:: MATERIAL SHOWN ::
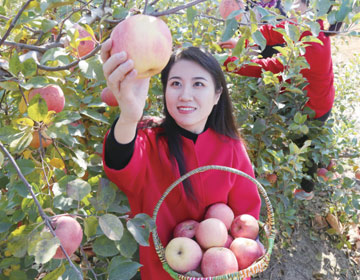 沾化区大高镇：苹果树上结出致富果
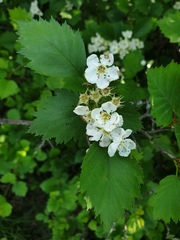 Crataegus chrysocarpa praecox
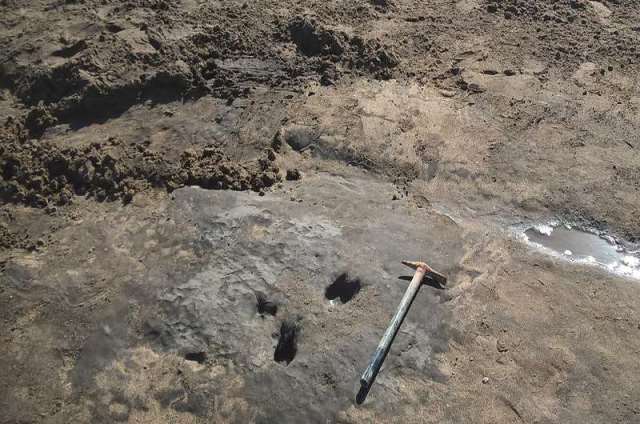 yacimiento prehistorico
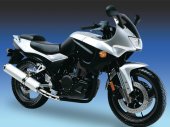 2009 Azel 250 GS photo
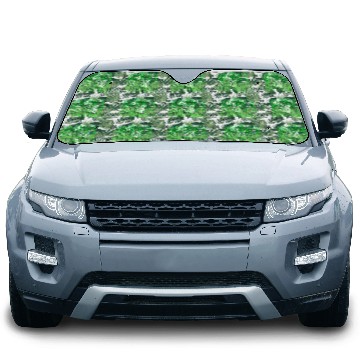 Discover Saint Patrick's Day Boston Massachusetts Car Sun Shades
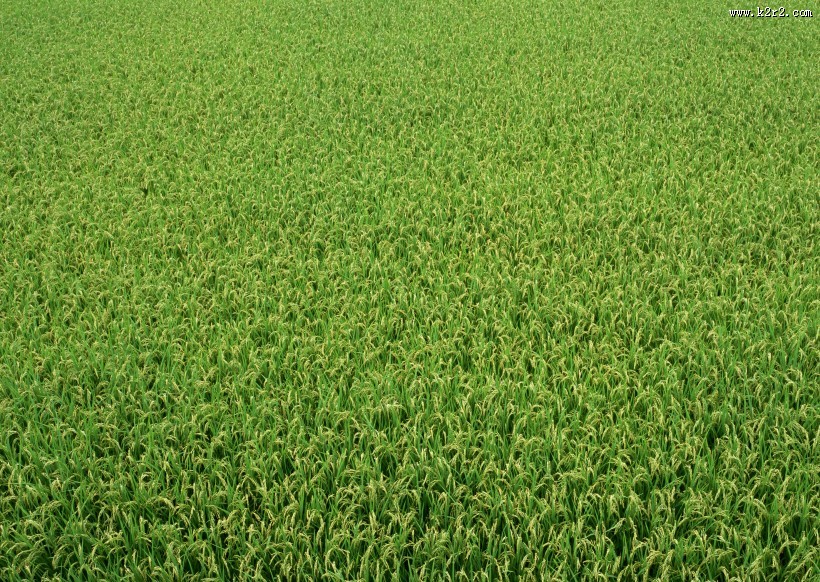 绿色稻田图片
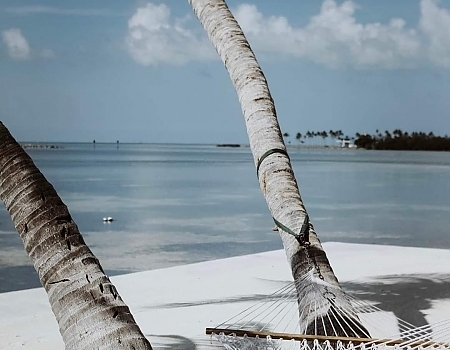 Hammock between two palm trees by the ocean in the Florida Keys.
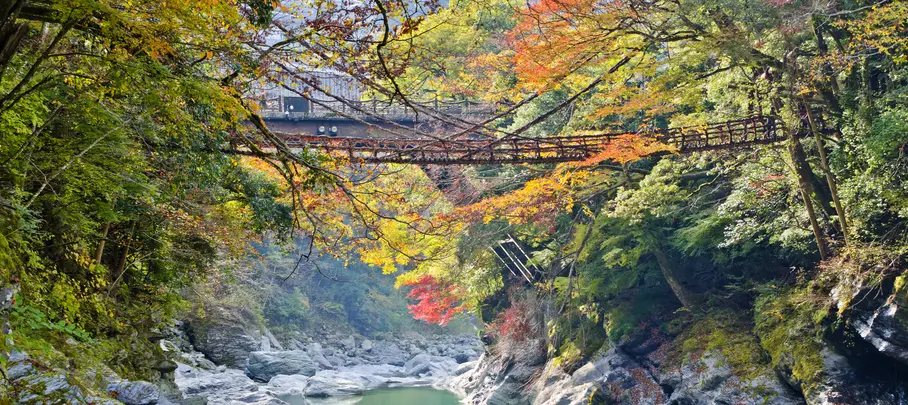 Kazurabashi Bridge, Iya Valley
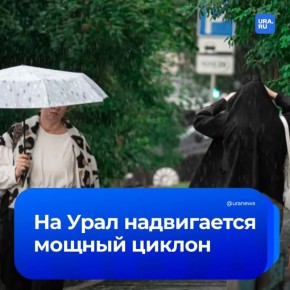���� ������� �������: ����� �� 23 �/� � ������ ����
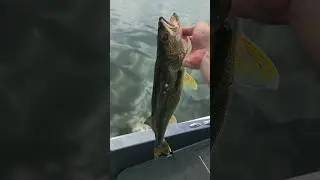 Calm water walleye! #Released #fun #MilleLacs #walleye #fishing #water #guide #lake #MN #vacation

:: TASK TO CARRY OUT ::
Nothing but the lines from the one containing "Crataegus chrysocarpa praecox" through the last line of the listing should be copied, each word for word and without pictures.

:: SOLUTION ::
 Crataegus chrysocarpa praecox
 yacimiento prehistorico
 2009 Azel 250 GS photo
 Discover Saint Patrick's Day Boston Massachusetts Car Sun Shades
 绿色稻田图片
 Hammock between two palm trees by the ocean in the Florida Keys.
 Kazurabashi Bridge, Iya Valley
���� ������� �������: ����� �� 23 �/� � ������ ����
 Calm water walleye! #Released #fun #MilleLacs #walleye #fishing #water #guide #lake #MN #vacation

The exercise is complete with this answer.